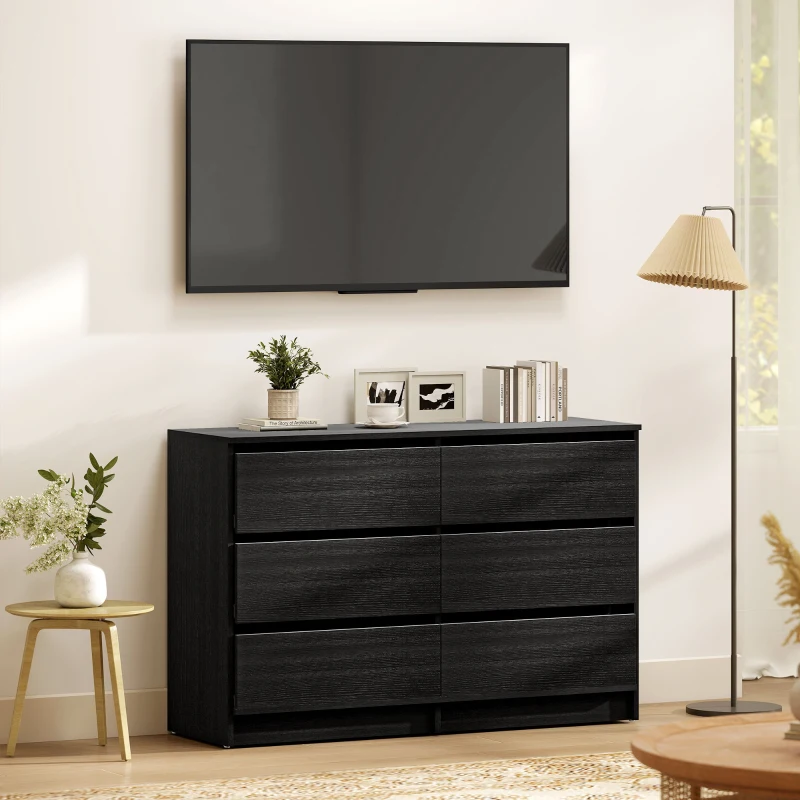 HOMCOM Wide Chest of Drawers, 6 Drawer Dresser for Bedroom, Living Room, Hallway, Modern Clothes Storage Organizer, Black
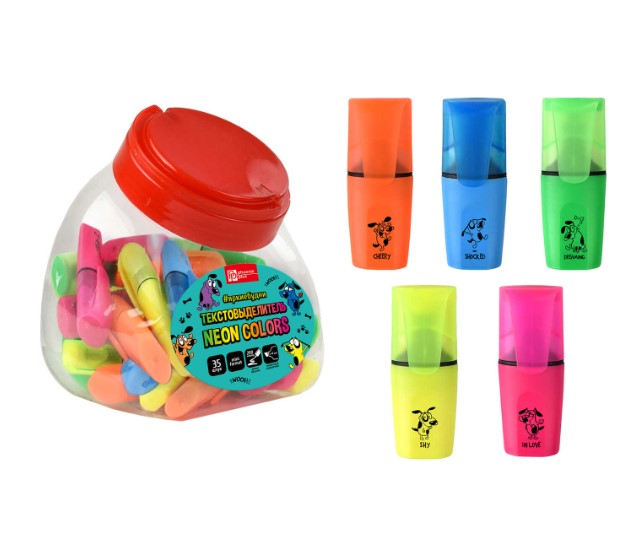 Текстовыделитель, голубой, жёлтый, зелёный, оранжевый, розовый, 58697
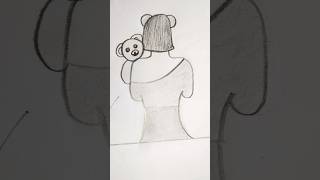 How to draw a girl holding a teddy bear  Girl drawing step by step  Easy drawing for beginners [upl. by Aratak]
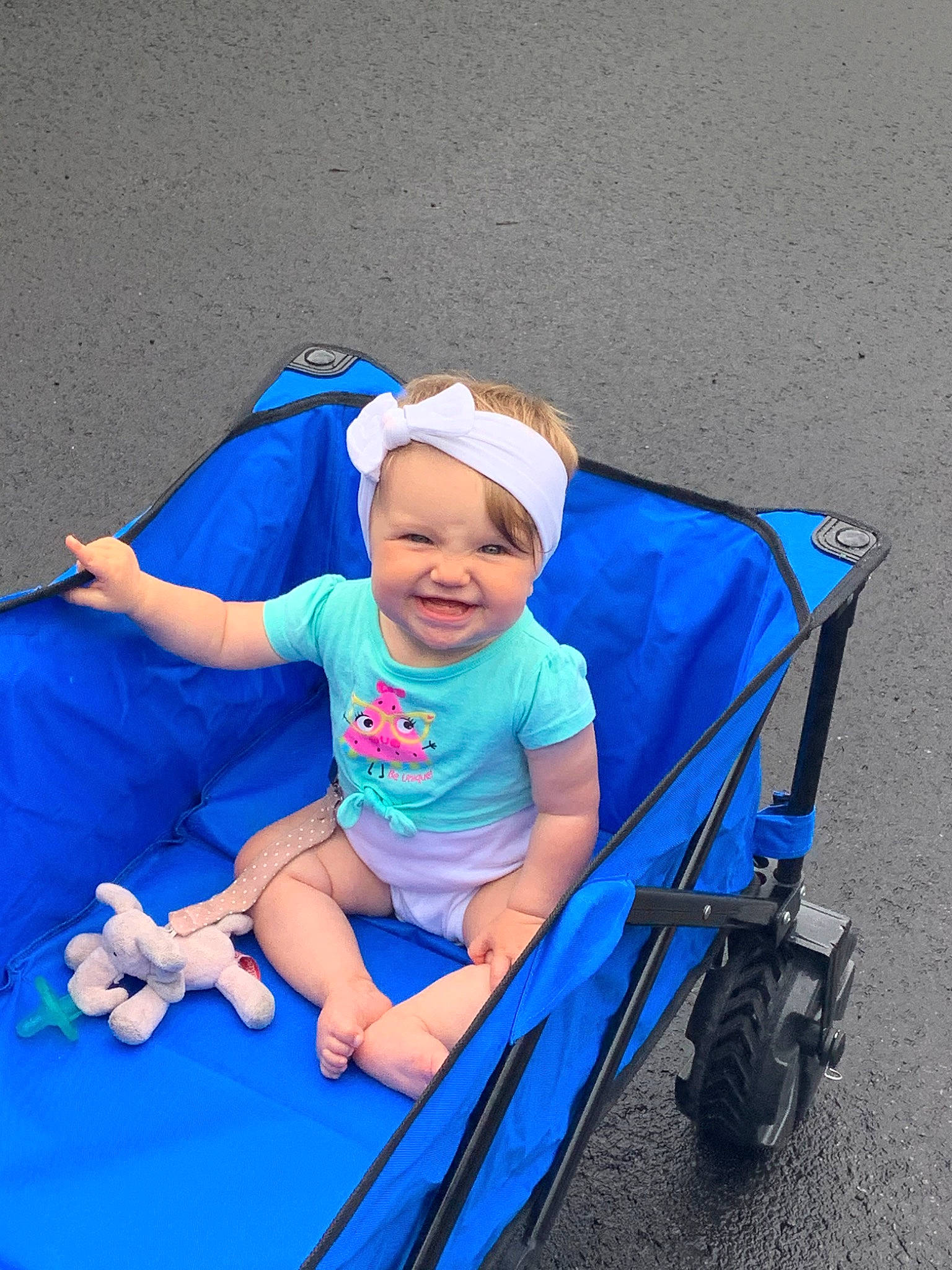 Sutton joined the competition — help win amazing prizes! baby_carriage, baby_products, blue, child, cobalt_blue, electric_blue, headwear, joy, person, product, toddler, vehicle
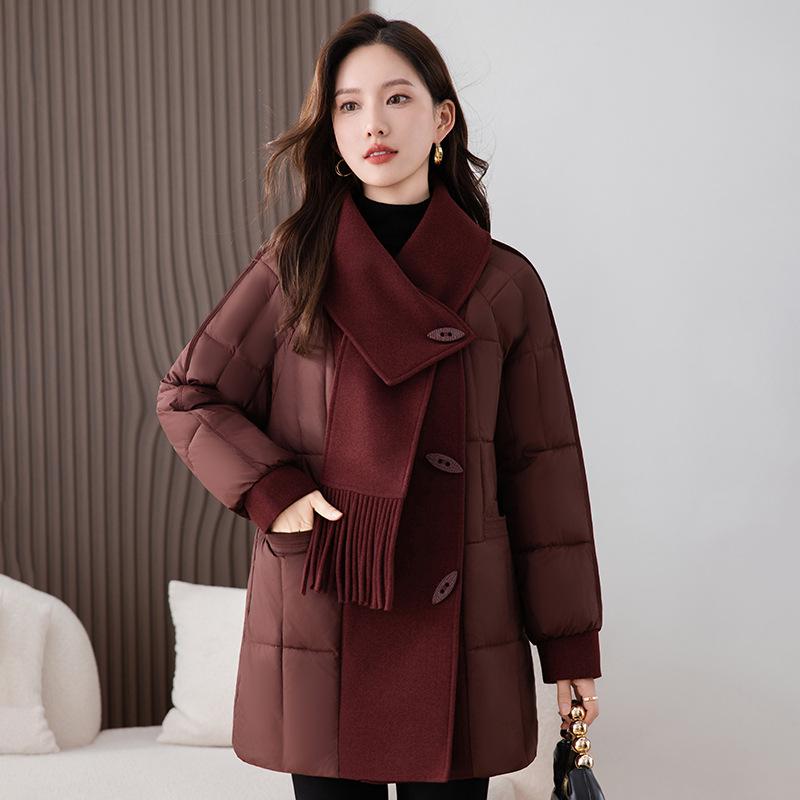 Middle-aged Mother Winter Clothing Splicing Down Cotton Clothing New Middle-aged and Elderly Cotton Clothing Warm Jacket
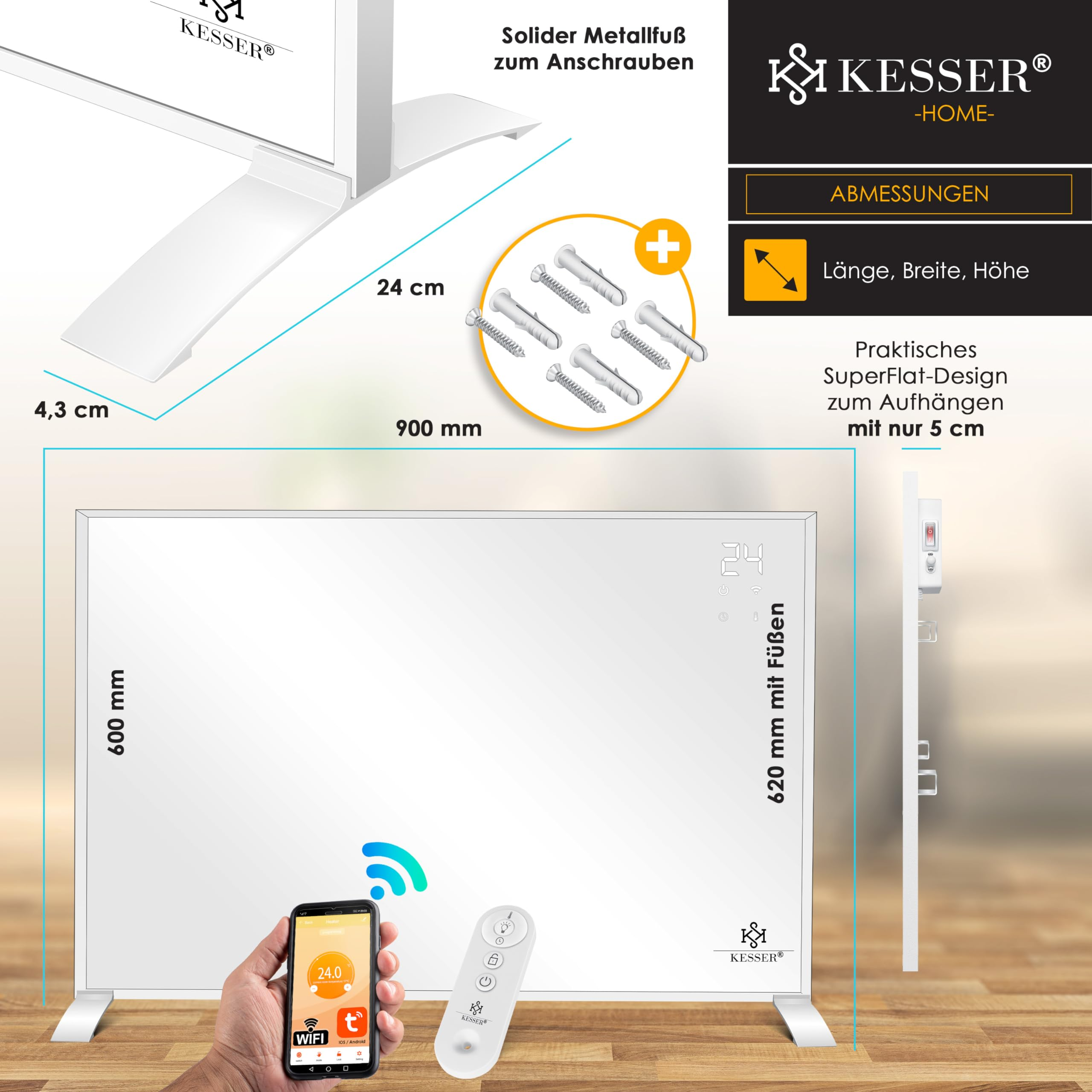 KESSER 540W Riscaldatore a infrarossi (540 W)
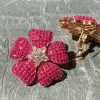17ctw Ruby Flower Statement Stud Earrings
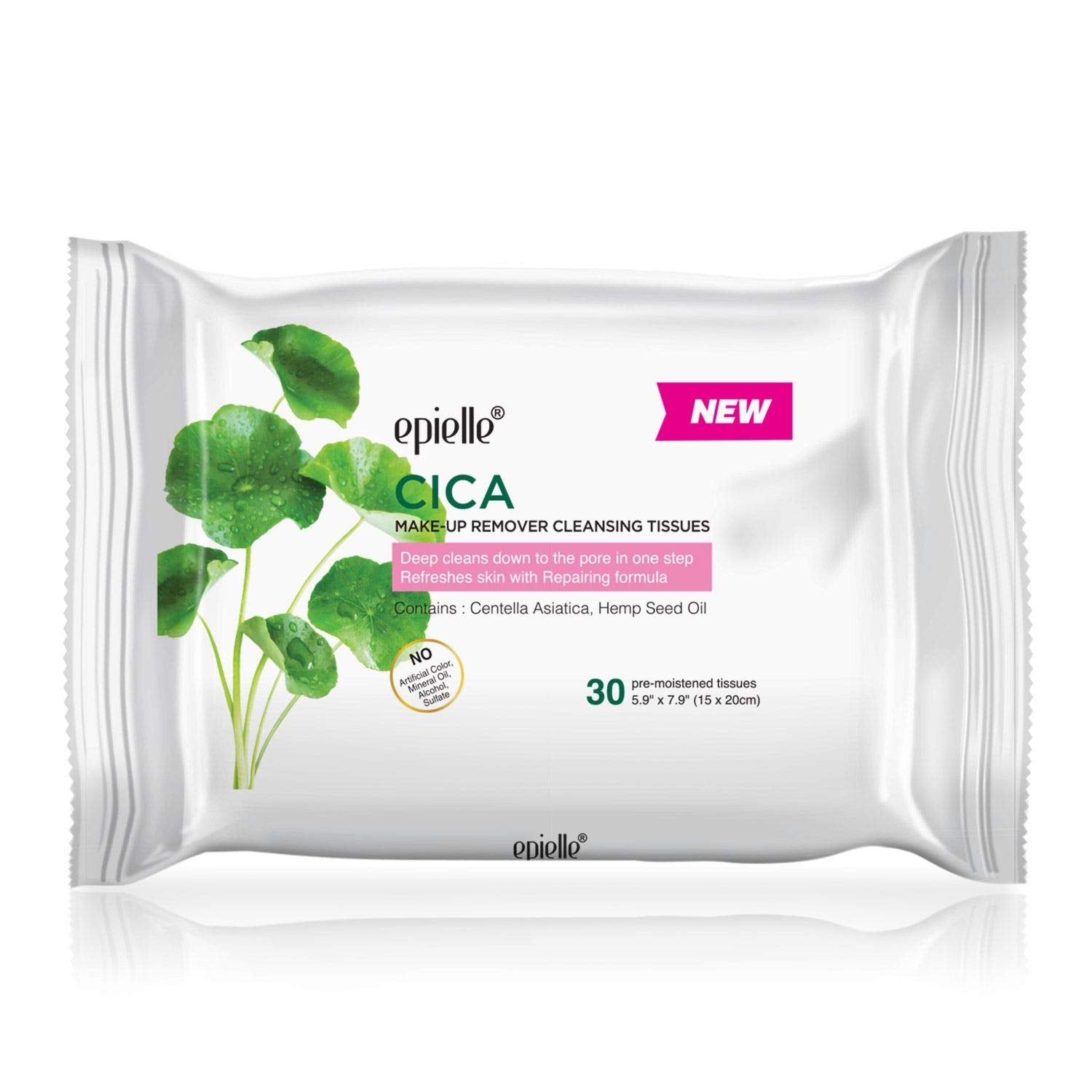 Epielle Makeup Remover Cleansing Wipes | Gentle for All Skin Types | Removes Dirt, Oil, Makeup | Facial Towelettes | Beauty Gift, Spa Day, Gift Set | Pack of 6 | Korean Skincare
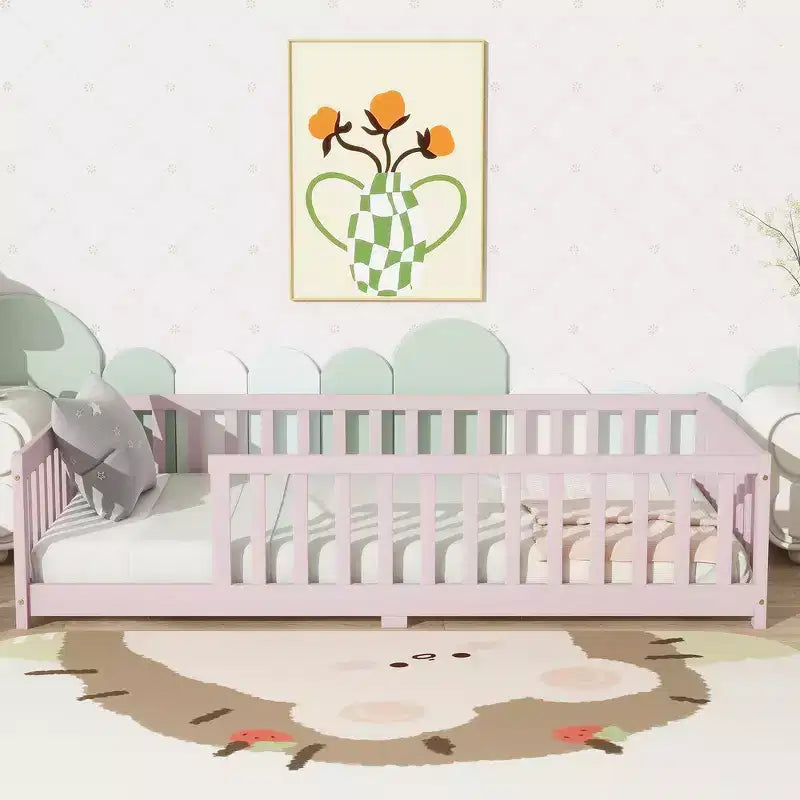 Whisen Letto Matrimoniale & Letto a Pavimento in Legno di Gomma con Recinzione Senza Porta, Letto a Pavimento Multifunzionale per il Sonno e il Gioco dei Bambini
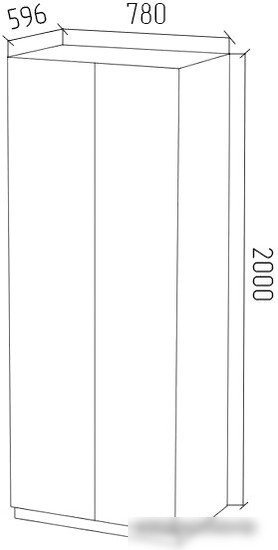 Шкаф распашной МДК ШК1 для одежды 2-х дверный 780x596x2000 (венге)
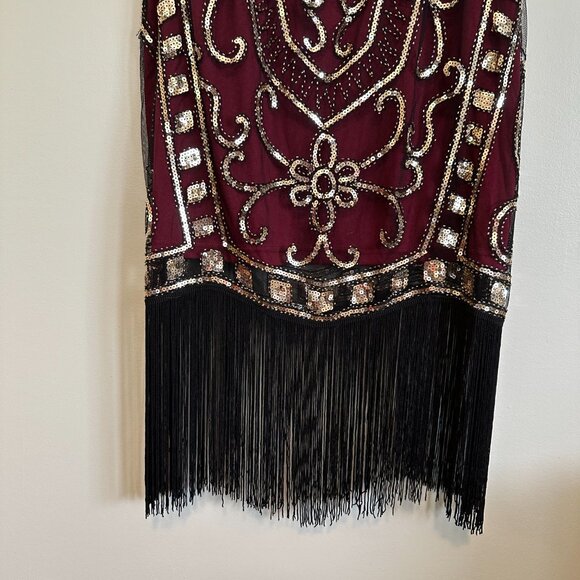 Vintage style burgundy & gold flapper dress - Picture 4 of 4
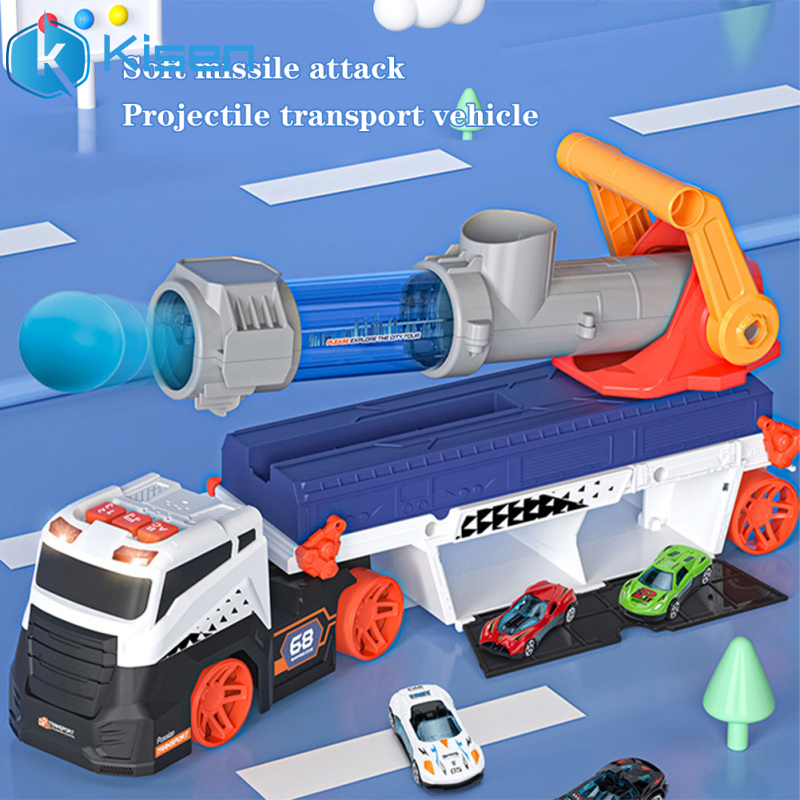 Missile Projectile Vehicle Toys With Sound Lights Catapult Shell Transport Truck With 4 Cars And 6 Balls Birthday Gifts For Kids ราคา 656 บาท*ส่งฟรี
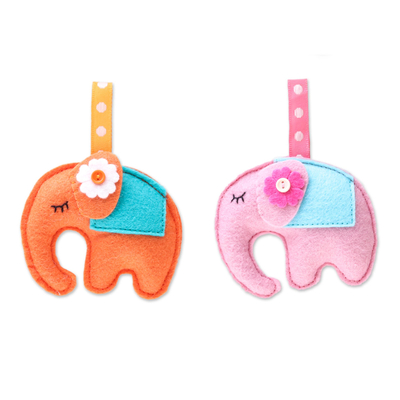 Felt ornaments, 'Napping Elephants' (pair) - Felt Elephant Ornaments in Orange and Pink (Pair)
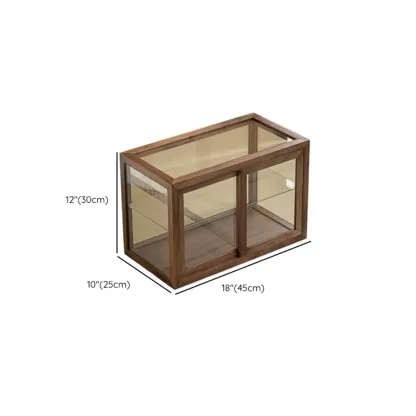 Wooden Tabletop Display Cabinet Glass Doors Image - 15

# # #

● **TO DO**
Copy exactly, please, every line from the one holding "Whisen Letto Matrimoniale" through the last line of the data, both ends included, and no pictures.

● **FINISHED EXERCISE**
 Whisen Letto Matrimoniale & Letto a Pavimento in Legno di Gomma con Recinzione Senza Porta, Letto a Pavimento Multifunzionale per il Sonno e il Gioco dei Bambini
 Шкаф распашной МДК ШК1 для одежды 2-х дверный 780x596x2000 (венге)
 Vintage style burgundy & gold flapper dress - Picture 4 of 4
 Missile Projectile Vehicle Toys With Sound Lights Catapult Shell Transport Truck With 4 Cars And 6 Balls Birthday Gifts For Kids ราคา 656 บาท*ส่งฟรี
 Felt ornaments, 'Napping Elephants' (pair) - Felt Elephant Ornaments in Orange and Pink (Pair)
 Wooden Tabletop Display Cabinet Glass Doors Image - 15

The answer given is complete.